1. It sets national transportation policy. This includes plans on how much to subsidize monthly car parking for workers, monthly transit passes (see note 1); regional planning; safety goals; and environmental protection from vehicle pollution and infrastructure impacts.

2. Defines which transportation modes and programs get how much money.

A majority of trains, buses, bike lanes, roads, and highways in Chicagoland were built with funding from the surface transportation bill. And they continue to be majority-funded by federal tax dollars, year after year.

The last surface transportation bill is called SAFETEA-LU and it expired on September 30, 2009, at the end of fiscal year 2009 – Transportation 4 America has a clock counting the time since expiration. Since then, it has been extended many times while Congressional committees and representatives work on a new one.

A new one may be enacted this year!

Two divergent transportation bills in Congress

Like all bills in Congress, there is a version in the Senate, and a version in the House of Representatives. The House Transportation and Infrastructure Committee, chaired by John Mica (R-FL), released their version on Tuesday and will “mark it up” today at 9 AM eastern time. It is for five years and will cost $260 billion. It is called “American Energy and Infrastructure Jobs Act” (read House Resolution H.R.7 on the Congress website).

The Senate Environment and Public Works Committee, chaired by Barbara Boxer (D-CA), released its version in November 2011. It is for two years and will cost $109 billion. It is called “Moving Ahead for Progress in the 21st Century”, or MAP-21 (read Senate S.1813 on the Congress website)

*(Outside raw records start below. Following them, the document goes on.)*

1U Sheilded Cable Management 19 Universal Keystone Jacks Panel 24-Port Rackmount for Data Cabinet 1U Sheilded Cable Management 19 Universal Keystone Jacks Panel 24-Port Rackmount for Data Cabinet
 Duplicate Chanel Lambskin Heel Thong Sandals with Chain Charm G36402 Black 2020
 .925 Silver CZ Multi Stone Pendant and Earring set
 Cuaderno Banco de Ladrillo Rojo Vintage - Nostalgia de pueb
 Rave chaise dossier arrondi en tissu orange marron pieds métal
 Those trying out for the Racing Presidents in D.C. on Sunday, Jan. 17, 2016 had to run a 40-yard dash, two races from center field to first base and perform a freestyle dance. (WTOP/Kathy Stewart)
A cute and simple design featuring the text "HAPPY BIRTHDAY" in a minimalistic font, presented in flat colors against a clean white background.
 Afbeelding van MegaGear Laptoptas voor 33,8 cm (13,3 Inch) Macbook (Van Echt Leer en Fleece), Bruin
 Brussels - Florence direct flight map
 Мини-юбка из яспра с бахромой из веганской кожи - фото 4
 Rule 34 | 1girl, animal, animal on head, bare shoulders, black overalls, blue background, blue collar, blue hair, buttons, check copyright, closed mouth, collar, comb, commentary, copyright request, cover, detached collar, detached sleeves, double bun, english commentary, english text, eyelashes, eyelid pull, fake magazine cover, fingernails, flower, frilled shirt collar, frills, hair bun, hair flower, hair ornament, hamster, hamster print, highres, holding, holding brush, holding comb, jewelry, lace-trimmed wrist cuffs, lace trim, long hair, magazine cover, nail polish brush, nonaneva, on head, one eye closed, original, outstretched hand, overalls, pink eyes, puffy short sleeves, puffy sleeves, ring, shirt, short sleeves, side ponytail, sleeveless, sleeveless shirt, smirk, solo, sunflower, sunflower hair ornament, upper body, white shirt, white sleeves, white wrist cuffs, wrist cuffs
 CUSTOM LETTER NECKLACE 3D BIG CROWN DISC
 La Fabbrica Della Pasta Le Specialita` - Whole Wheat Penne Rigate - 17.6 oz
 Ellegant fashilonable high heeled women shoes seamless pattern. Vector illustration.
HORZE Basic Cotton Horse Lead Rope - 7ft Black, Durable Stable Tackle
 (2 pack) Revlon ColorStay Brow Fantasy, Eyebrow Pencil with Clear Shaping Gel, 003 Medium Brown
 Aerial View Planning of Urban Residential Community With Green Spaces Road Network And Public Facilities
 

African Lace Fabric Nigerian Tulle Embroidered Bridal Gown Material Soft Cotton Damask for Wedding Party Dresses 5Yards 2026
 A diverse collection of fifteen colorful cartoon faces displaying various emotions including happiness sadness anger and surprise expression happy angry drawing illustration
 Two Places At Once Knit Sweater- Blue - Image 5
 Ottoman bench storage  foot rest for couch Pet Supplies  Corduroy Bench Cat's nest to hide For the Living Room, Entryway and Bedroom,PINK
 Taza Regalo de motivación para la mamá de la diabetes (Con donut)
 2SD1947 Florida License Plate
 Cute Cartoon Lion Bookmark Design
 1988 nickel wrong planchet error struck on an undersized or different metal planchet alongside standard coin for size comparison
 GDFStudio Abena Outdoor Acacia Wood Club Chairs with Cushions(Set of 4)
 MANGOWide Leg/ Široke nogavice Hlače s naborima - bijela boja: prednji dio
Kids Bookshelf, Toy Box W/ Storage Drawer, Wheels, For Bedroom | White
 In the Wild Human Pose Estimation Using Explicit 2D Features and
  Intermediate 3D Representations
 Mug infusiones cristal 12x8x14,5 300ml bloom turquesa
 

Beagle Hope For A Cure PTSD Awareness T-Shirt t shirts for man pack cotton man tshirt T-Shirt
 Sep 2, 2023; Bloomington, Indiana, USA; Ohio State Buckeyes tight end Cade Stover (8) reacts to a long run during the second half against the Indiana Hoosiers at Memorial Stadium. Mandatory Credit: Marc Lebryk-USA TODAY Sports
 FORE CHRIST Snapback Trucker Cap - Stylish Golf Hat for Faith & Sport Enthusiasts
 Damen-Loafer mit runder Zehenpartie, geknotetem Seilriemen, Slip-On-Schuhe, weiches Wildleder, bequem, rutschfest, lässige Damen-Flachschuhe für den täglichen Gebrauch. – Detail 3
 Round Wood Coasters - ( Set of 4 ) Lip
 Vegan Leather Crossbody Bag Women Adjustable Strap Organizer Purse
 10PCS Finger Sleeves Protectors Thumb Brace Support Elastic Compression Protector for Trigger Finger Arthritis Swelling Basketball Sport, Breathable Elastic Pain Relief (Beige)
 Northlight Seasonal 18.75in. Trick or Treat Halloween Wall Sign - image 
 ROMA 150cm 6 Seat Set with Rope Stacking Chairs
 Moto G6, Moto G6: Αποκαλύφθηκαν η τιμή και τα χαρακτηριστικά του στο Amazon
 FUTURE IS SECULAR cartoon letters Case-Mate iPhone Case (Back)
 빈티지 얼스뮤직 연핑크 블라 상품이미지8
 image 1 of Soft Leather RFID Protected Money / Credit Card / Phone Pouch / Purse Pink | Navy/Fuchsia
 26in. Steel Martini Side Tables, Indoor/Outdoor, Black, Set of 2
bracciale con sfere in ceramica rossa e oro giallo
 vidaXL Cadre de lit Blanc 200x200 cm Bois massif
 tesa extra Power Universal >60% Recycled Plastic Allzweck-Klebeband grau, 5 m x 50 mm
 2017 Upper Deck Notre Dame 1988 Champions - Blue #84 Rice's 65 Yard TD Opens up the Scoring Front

Marking up a proposed bill in the committee means adding amendments that the full House would then consider along with the bill. The bill’s text does not change.

Criticisms with the House version

The criticisms with the House version of the bill lie in two areas: what’s not included, and how it will be paid for.

The bill does not include a category of projects called Transportation Enhancements (TE). This is how many cities and counties build bike lanes, bike trails, sidewalks and crosswalks, and add landscaping to streets. There are many other types of projects that can be built with TE.

The bill also excludes the Safe Routes to School program (SRTS). There is an amendment that will be considered tomorrow to restore TE and SRTS, into a new program called Transportation Improvement Program (TIP). Update 12:01: The amendment was defeated this morning, news at the League of American Bicyclists website.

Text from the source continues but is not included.